┏━━
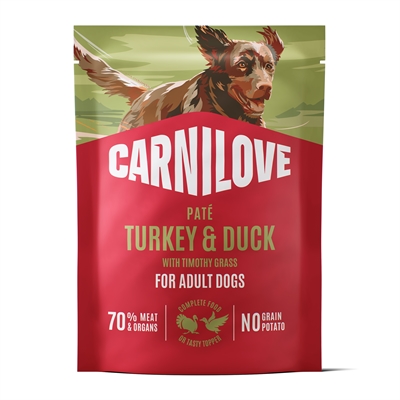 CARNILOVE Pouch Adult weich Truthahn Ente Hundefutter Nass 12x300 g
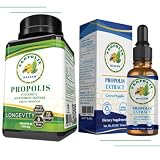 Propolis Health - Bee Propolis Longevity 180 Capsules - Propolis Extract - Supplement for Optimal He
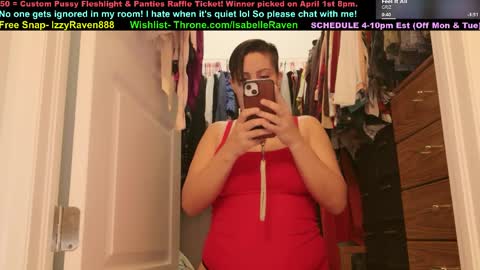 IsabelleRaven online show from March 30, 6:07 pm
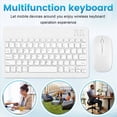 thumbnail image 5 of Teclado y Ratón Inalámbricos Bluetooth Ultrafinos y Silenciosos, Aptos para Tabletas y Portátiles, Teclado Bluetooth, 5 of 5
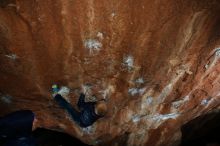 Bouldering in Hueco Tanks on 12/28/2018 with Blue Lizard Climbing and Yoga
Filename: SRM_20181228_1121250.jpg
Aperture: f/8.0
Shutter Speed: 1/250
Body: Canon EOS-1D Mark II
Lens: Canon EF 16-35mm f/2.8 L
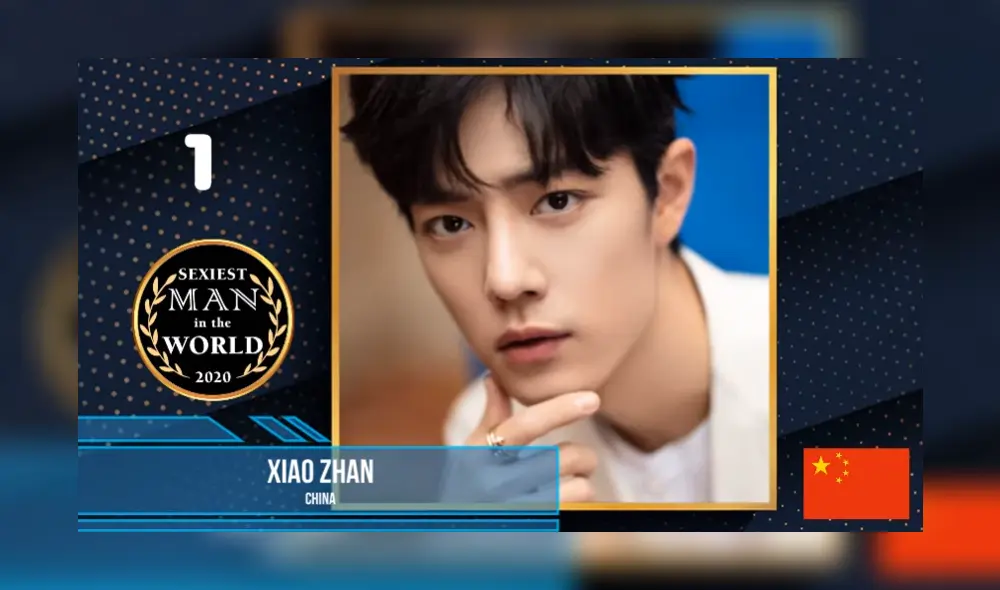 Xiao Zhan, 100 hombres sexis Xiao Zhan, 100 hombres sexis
┗━━
┏━━
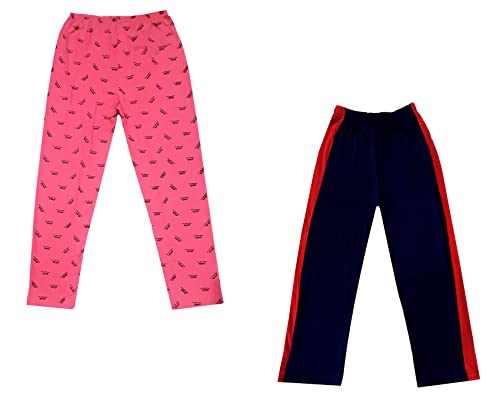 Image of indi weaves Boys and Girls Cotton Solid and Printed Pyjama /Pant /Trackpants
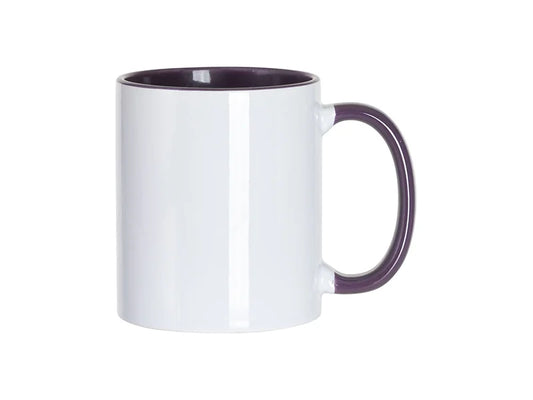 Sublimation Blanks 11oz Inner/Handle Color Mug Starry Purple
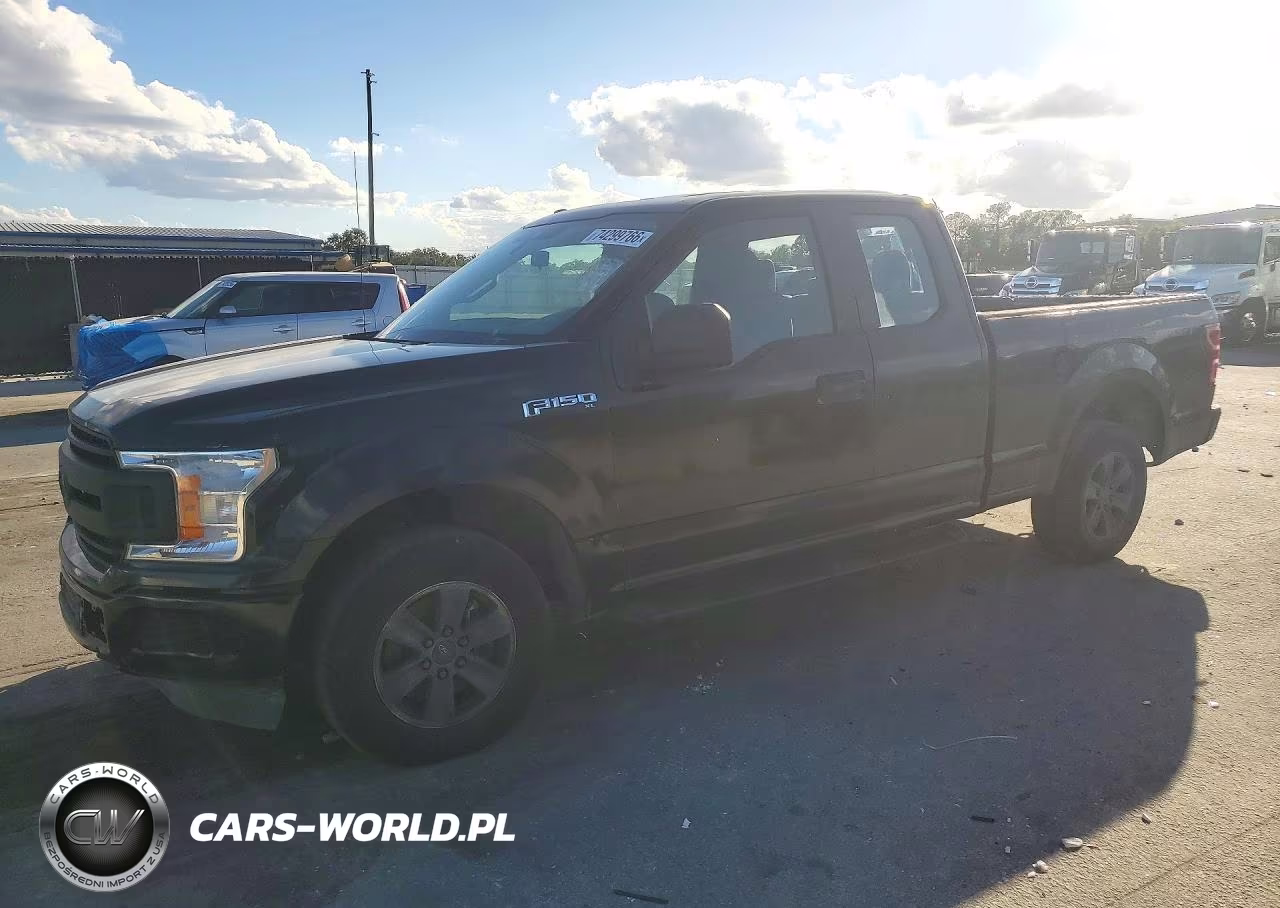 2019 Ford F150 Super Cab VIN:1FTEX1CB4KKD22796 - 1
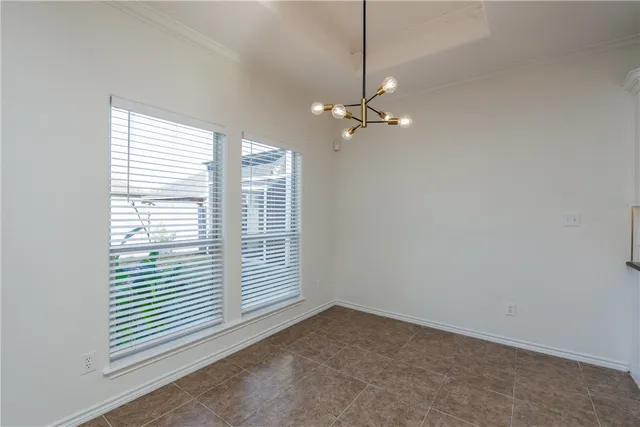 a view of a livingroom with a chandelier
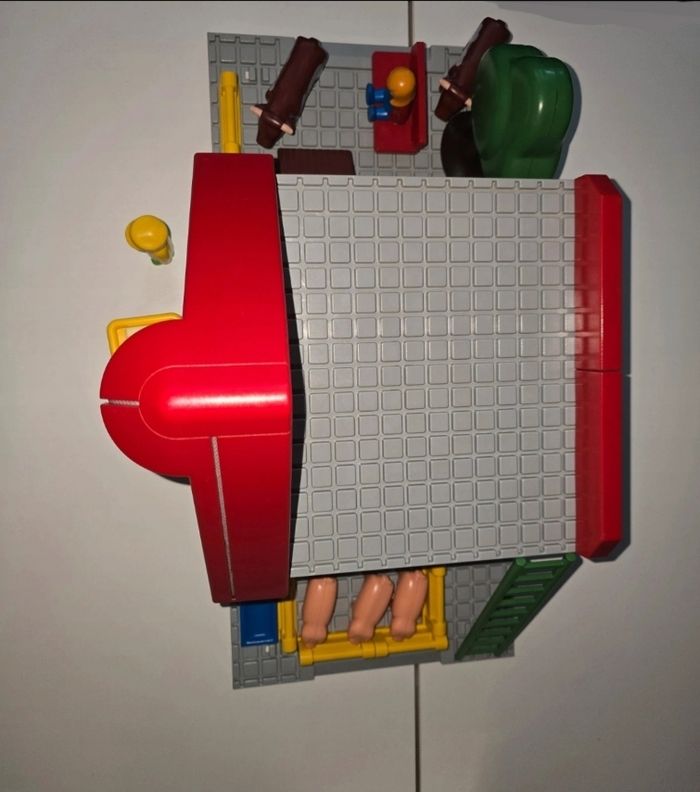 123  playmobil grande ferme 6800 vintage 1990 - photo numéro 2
┗━━
┏━━
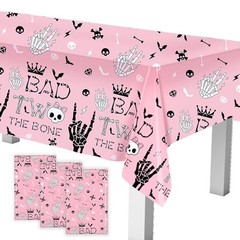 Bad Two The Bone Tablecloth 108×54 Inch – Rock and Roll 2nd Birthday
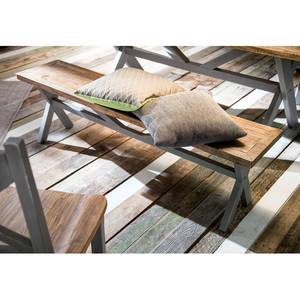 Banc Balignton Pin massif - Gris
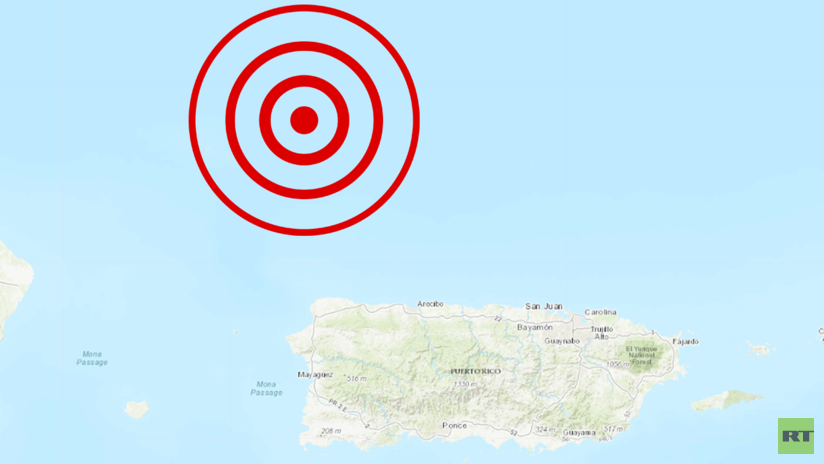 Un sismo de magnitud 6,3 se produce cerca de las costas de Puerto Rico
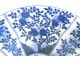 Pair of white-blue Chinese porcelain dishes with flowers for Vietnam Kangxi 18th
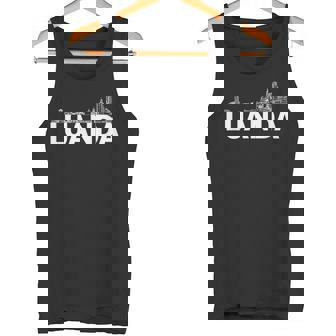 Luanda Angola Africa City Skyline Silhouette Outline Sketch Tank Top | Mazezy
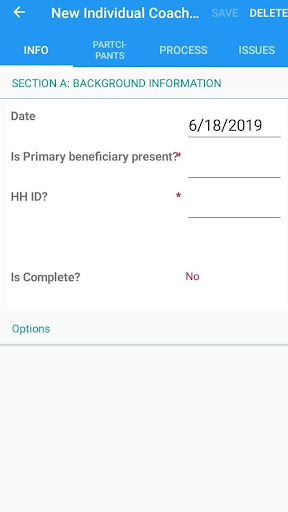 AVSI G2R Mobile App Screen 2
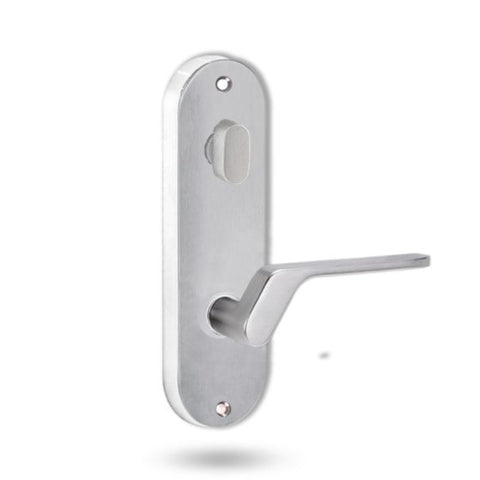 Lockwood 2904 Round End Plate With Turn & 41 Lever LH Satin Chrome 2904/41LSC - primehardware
┗━━
Work instructions:
Starting at the line containing "a view of a livingroom with a chandelier" and stopping at the line containing "photo numéro 2", output every line above exactly, both ends included, with pictures omitted.

Output of the exercise:
 a view of a livingroom with a chandelier
 123  playmobil grande ferme 6800 vintage 1990 - photo numéro 2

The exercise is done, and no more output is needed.